On Wed, Feb 18, 2009 at 8:16 PM, E. Wayne Johnson <ewj at pigs.ag> wrote:

>  http://www.truthdig.com/report/item/20090217_kids_for_cash/ Posted on
> Feb 17, 2009
>
> By Amy Goodman
>
>   As many as 5,000 children in Pennsylvania have been found guilty, and up
> to 2,000 of them jailed, by two corrupt judges who received kickbacks from
> the builders and owners of private prison facilities that benefited. The two
> judges pleaded guilty in a stunning case of greed and corruption that is
> still unfolding. Judges Mark A. Ciavarella Jr. and Michael T. Conahan
> received $2.6 million in kickbacks while imprisoning children who often had
> no access to a lawyer. The case offers an extraordinary glimpse into the
> shameful private prison industry that is flourishing in the United States.
>
>   Take the story of Jamie Quinn. When she was 14 years old, she was
> imprisoned for almost a year. Jamie, now 18, described the incident that led
> to her incarceration:
>
>   "I got into an argument with one of my friends. And all that happened was
> just a basic fight. She slapped me in the face, and I did the same thing
> back. There [were] no marks, no witnesses, nothing. It was just her word
> against my word."
>
>   Jamie was placed in one of the two controversial facilities, PA Child
> Care, then bounced around to several other locations. The 11-month
> imprisonment had a devastating impact on her. She told me: "People looked at
> me different when I came out, thought I was a bad person, because I was gone
> for so long. My family started splitting up ... because I was away and got
> locked up. I'm still struggling in school, because the schooling system in
> facilities like these places [are] just horrible."
>
>   She began cutting herself, blaming medication that she was forced to
> take: "I was never depressed, I was never put on meds before. I went there,
> and they just started putting meds on me, and I didn't even know what they
> were. They said if I didn't take them, I wasn't following my program." She
> was hospitalized three times.
>
>   Jamie Quinn is just one of thousands that these two corrupt judges locked
> up. The Philadelphia-based Juvenile Law Center got involved when Hillary
> Transue was sent away for three months for posting a Web site parodying the
> assistant principal at her school. Hillary clearly marked the Web page as a
> joke. The assistant principal didn't find it funny, apparently, and Hillary
> faced the notoriously harsh Judge Ciavarella.
>
>   As Bob Schwartz of the Juvenile Law Center told me: "Hillary had, unknown
> to her, signed a paper, her mother had signed a paper, giving up her right
> to a lawyer. That made the 90-second hearing that she had in front of Judge
> Ciavarella pretty much of a kangaroo court." The JLC found that in half of
> the juvenile cases in Luzerne County, defendants had waived their right to
> an attorney. Judge Ciavarella repeatedly ignored recommendations for
> leniency from both prosecutors and probation officers.
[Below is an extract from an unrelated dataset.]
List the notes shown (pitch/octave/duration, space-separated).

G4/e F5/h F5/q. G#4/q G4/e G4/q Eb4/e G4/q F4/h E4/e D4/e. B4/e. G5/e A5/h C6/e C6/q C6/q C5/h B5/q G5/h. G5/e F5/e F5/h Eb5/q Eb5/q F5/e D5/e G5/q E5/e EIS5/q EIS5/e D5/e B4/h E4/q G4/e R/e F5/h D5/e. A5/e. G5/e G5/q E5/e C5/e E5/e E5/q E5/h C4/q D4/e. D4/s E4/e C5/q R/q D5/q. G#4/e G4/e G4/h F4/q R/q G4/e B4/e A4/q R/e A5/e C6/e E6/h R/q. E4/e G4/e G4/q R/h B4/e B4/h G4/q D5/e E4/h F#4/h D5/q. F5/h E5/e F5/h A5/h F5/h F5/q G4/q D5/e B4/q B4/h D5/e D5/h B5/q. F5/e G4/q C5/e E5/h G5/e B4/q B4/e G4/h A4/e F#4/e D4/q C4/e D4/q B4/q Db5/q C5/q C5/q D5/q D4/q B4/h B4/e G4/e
The Pennsylvania
> Supreme Court heard the JLC's case, then the FBI began an investigation,
> which resulted in the two judges entering guilty-plea agreements last week
> for tax evasion and wire fraud.
>
>   They are expected to serve seven years in federal prison. Two separate
> class-action lawsuits have been filed on behalf of the imprisoned children.
>
>   This scandal involves just one county in the U.S., and one relatively
> small private prison company. According to The Sentencing Project, "the
> United States is the world's leader in incarceration with 2.1 million people
> currently in the nation's prisons or jails—a 500 percent increase over the
> past thirty years." The Wall Street Journal reports that "[p]rison companies
> are preparing for a wave of new business as the economic downturn makes it
> increasingly difficult for federal and state government officials to build
> and operate their own jails." For-profit prison companies like the
> Corrections Corporation of America and GEO Group (formerly Wackenhut) are
> positioned for increased profits. It is still not clear what impact the
> just-signed stimulus bill will have on the private prison industry (for
> example, the bill contains $800 million for prison construction, yet
> billions for school construction were cut out).
>
>   Congress is considering legislation to improve juvenile justice policy,
> legislation the American Civil Liberties Union says is "built on the clear
> evidence that community-based programs can be far more successful at
> preventing youth crime than the discredited policies of excessive
> incarceration."
>
>   Our children need education and opportunity, not incarceration. Let the
> kids of Luzerne County imprisoned for profit by corrupt judges teach us a
> lesson. As young Jamie Quinn said of her 11-month imprisonment, "It just
> makes me really question other authority figures and people that we're
> supposed to look up to and trust."
>
>   *Denis Moynihan contributed research to this column.
>
>   Amy Goodman is the host of "Democracy Now!," a daily international
> TV/radio news hour airing on more than 700 stations in North America. She
> was awarded the 2008 Right Livelihood Award, dubbed the "Alternative Nobel"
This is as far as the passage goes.